Scenarios don’t hard-code CPU lists; a CpusetSpec resolves against the test’s topology at runtime. On 1n2l4c2t, CpusetSpec::Llc(0) resolves to CPUs 0-7, so the cgroup’s cpuset.cpus is written as 0-7; Llc and Numa cover their full domain, while the fractional and partition variants (Range, Disjoint, Overlap) slice the usable-CPU pool.

Querying topology from a scenario

Ctx.topo is a TestTopology. The queries scenario authors actually use:

  • total_cpus(), num_llcs(), num_numa_nodes() — sizes, e.g. for skip guards (if ctx.topo.num_llcs() < 2 { return Ok(AssertResult::skip(...)) }).
  • usable_cpus() / usable_cpuset() — CPUs available for workload placement. On topologies with more than 2 CPUs the last CPU is reserved for the root cgroup (on 8 CPUs: usable = 0-6). Built-in scenarios and fractional CpusetSpecs use this pool automatically.
  • llc_aligned_cpuset(idx) / numa_aligned_cpuset(node) — the CPU set of one LLC or one node’s LLCs.
  • numa_nodes_for_cpuset(cpus) — which nodes a CPU set touches; this derives the expected-node set for NUMA checks.
  • numa_distance(from, to) — kernel conventions: 10 local, higher is farther, 255 unreachable/unknown. VM topologies without explicit distances report 10 local / 20 remote.
  • node_meminfo(node) / is_memory_only(node) — per-node memory and CXL-style memory-only node detection.

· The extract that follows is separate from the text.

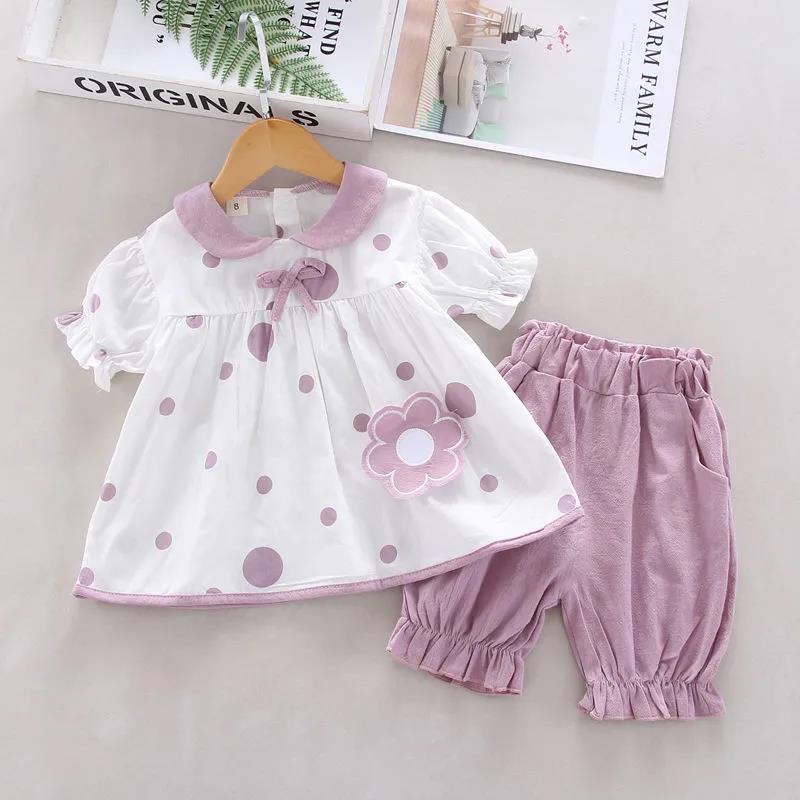 Kids Girls Clothing Sets Summer New Style Brand Baby Girls Clothes Short Sleeve T-Shirt+Pant Dress 2Pcs Children Clothes Suits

Ctx::cpuset_cpus(&spec) returns the CPU count a spec resolves to — useful for sizing worker counts by hand. Its denominator is the topology-level cpuset, not any cgroup’s currently-effective one; for cgroup-aware sizing prefer CgroupDef::workers_pct, which resolves against the cgroup’s own cpuset at apply time.

The full method catalog (construction, LlcInfo, CPU-list parsing) is in the TestTopology rustdoc.

  • Gauntlet — preset topology matrices and the constraints that filter them.
  • MemPolicy — NUMA memory placement to pair with multi-node topologies.
  • Resource Budget — how the host’s topology is carved up when tests run concurrently.